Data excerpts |
□ □ □ □ □ □ □

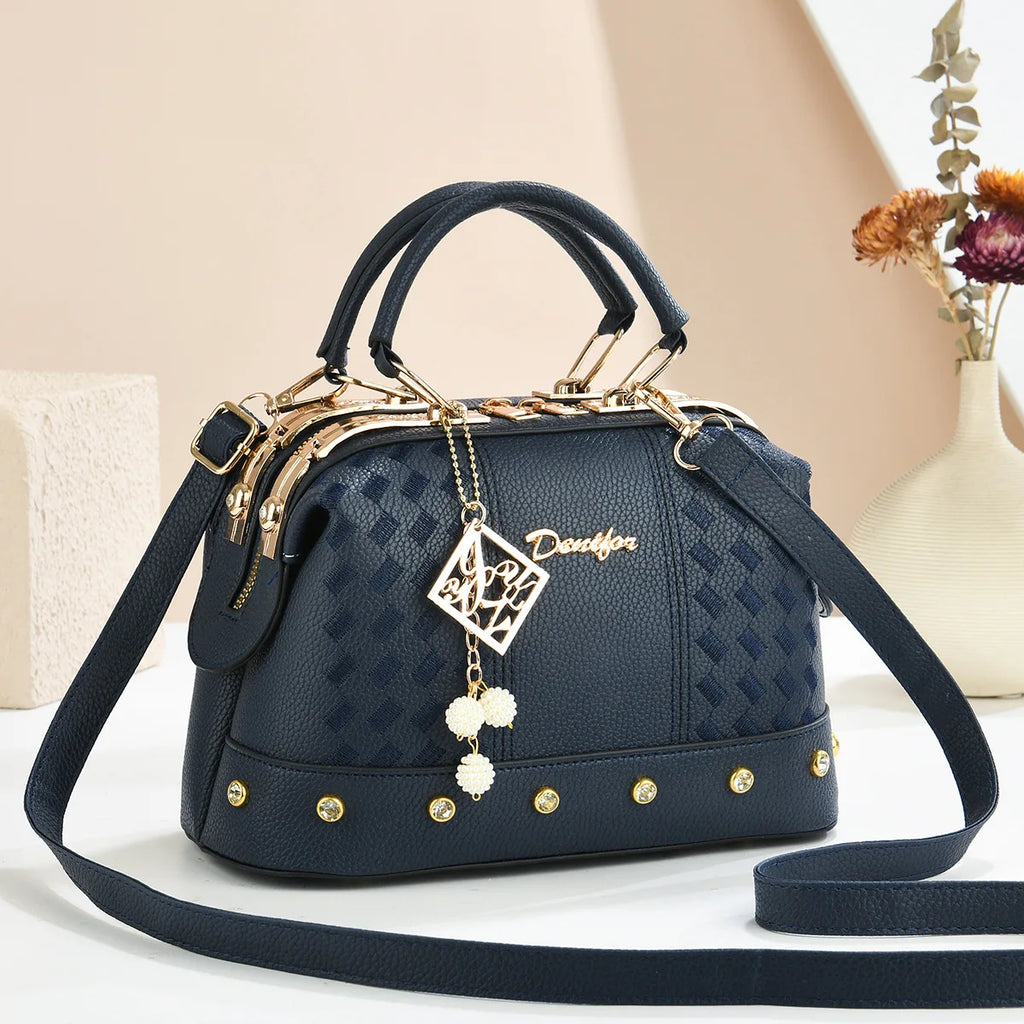Fashionable Minimalist Women's Handbag Crossbody Shoulder Bag PU Material City Style Small Square Bag Metal Rivet Detail
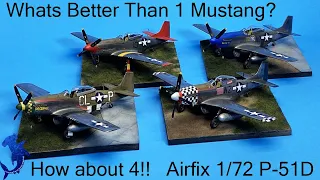 Airfix 1/72 P-51D with a twist!  I build 4 of them at once!  |  Full build video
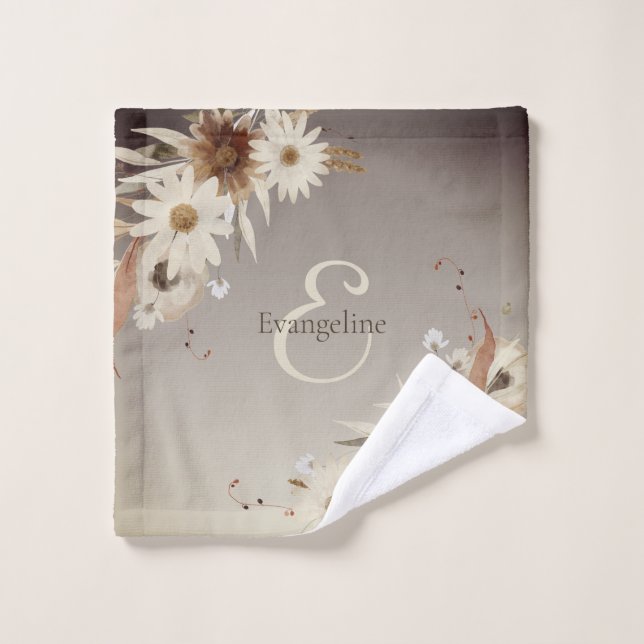 Farbflora-Monogramm für Herbstfarben Personalisier Badhandtuch Set (Waschlappen)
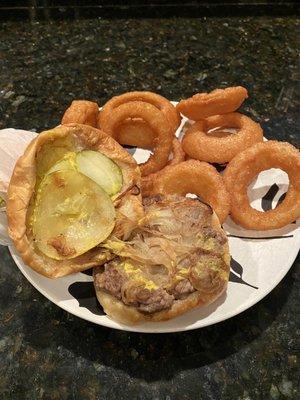 Sliders with Onion Rings. No ketchup on a true slider.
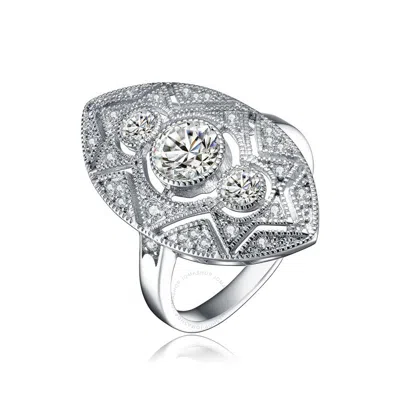 Megan Walford Sterling Silver Clear Round Cubic Zirconia Filigree Ring In Silver-tone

□ □ □ □ □ □ □

WORK INSTRUCTIONS | Nothing but the lines from the one holding "Farbflora-Monogramm für Herbstfarben" through the final line of the records above belongs in the answer, each retyped exactly; omit the pictures.

PROBLEM SOLUTION |
 Farbflora-Monogramm für Herbstfarben Personalisier Badhandtuch Set (Waschlappen)
 Sliders with Onion Rings. No ketchup on a true slider.
 Megan Walford Sterling Silver Clear Round Cubic Zirconia Filigree Ring In Silver-tone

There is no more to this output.